Big Data Engineer - Intern
Wuxi, CN
About our group:
We are a proactive, highly solutions oriented and collaborative team that works with all the various business groups across the organization. Our purpose is capturing massive amounts of data is to transform this vital information into concrete and valuable insights that will allow Seagate to make better and more strategic business decisions.
About the role - you will:
· Part of 10-12 Platform Engineers that are the crux for developing and maintaining Big Data (Data Lake, Data Warehouse and Data Integration) and advanced analytics platforms at SeaGate
· Apply your hands-on subject matter expertise in the Architecture of and administration of Big Data platforms - Data Warehouse Appliances , Open Data Lakes (AWS EMR, HortonWorks), Data Lake Technologies (AWS S3/Databricks/Other) and experience with ML and Data Science platforms (Spark ML , H2O , KNIME)
· Develop and manage SPARK ETL Frameworks, Data orchestration with Airflow and support building PRESTO/Trino queries for the key stakeholders
· Design, scale and deploy Machine Learning pipelines.
· Collaborate with Application Architects and Business SMEs to design and develop end-to-end data pipelines and supporting infrastructure.
· Establish and maintain productive relationships with peer organizations, partners, and software vendors
About you:
· Excellent coding skills in any language with deep desire to learn new skills and technologies.
· You’re a passionate professional who is up to the challenge of blending the fast-changing technology landscape of Big Data analytics with the complex and high-impact space of HiTech and Manufacturing analytics
· As a motivated self-starter, you have the experience working in a dynamic environment
· Exceptional data engineering skills in large, high-scale Data platforms and applications using cloud and big data technologies like Hadoop ecosystem and Spark
· Strong appetite for constant learning, thinking out of the box, questioning the problems & solutions with the intent to understand and solve better
· Excellent interpersonal skills to develop relationships with different teams and peers in the organization
Your experience includes:
· Big data processing frameworks knowledge: Spark, Hadoop, Hive, Kafka, EMR
· Big data solutions on cloud (AWS or Other)
· Advanced experience and hands-on architecture and administration experience on big data platforms
· Data Warehouse Appliances, Hadoop (AWS EMR), Data Lake Technologies (AWS S3/GCS/Other) and experience with ML and Data Science platforms (Spark ML , H2O , KNIME )
· Python, Java, Scala
· DevOps, Continuous Delivery, and Agile development
· Creating a culture of technical excellence by leading code and design reviews, promoting mentorship, and identifying and promoting educational opportunities for engineers
You might also have:
· Strong understanding of Micro-services and container-based development using Docker and Kubernetes ecosystem is a BIG plus
· Experience working in a Software Product Development environment is a BIG plus
Location:
Located in the high technology district, our site in Wuxi is a global manufacturing hub, where nearly 5,000 employees deliver technical services, customer test, manufacturing, and support capabilities.
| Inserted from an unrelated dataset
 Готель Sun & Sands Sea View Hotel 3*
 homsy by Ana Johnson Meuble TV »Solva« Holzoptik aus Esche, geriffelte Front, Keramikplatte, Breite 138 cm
On site you can grab breakfast, lunch, dinner and snacks at our canteen, grab-and-go market and coffee shop. We offer basketball, badminton, yoga clubs and group exercise classes. We also have music, dance, photography, and literature clubs galore, along with an active Toastmasters International chapter, and frequently have on-site festivals, celebrations and community volunteer opportunities.
Location: Wuxi, China
Travel: None